Cooper’s forehead wrinkled. “Not if it has peanuts. I’m allergic as fuck,” he said. “Like, just one crumb could put me six feet under.”
“Sorry, it’s a peanut butter cookie,” Leah replied with a sympathetic smile. “Remind me not to kiss you on the cheek when we say goodbye later.”
Cooper chuckled as I leaned forward. “I’ll take some,” I said, holding out my palm.
Leah broke off a piece and handed it to me. As I chewed on the buttery goodness, Cooper looked over at me. “Olivia, was it you who was talking about a history class earlier?”
My brows dipped in a frown. “Olivia?”
Cooper gave me a blank stare. Then he slapped a palm against his forehead. “Oh my god. Sorry. I’ve been binge-watching this old show lately, and the main character is called Olivia. I must’ve been thinking about it subconsciously.
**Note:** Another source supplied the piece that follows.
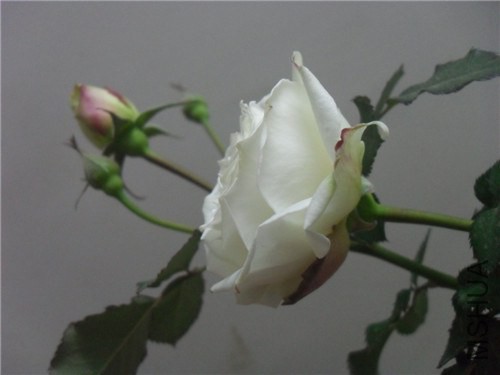 SDC15415.JPG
I meant to say Shay, obviously.”
“It’s okay, I do that all the time,” I said, eyes crinkling with amusement. “Anyway, yeah, I was telling Cori about this paper I have to write for the history class I’m taking. I can’t think of a subject to write about.”
“Why are you taking a history class?” he asked. “It’s not really relevant to performing arts, is it?”
“No, but Bellingham makes everyone take two unrelated classes during their courses, remember?” I said. “They call them broadening electives. It’s meant to widen the scope of our learning, or something like that.”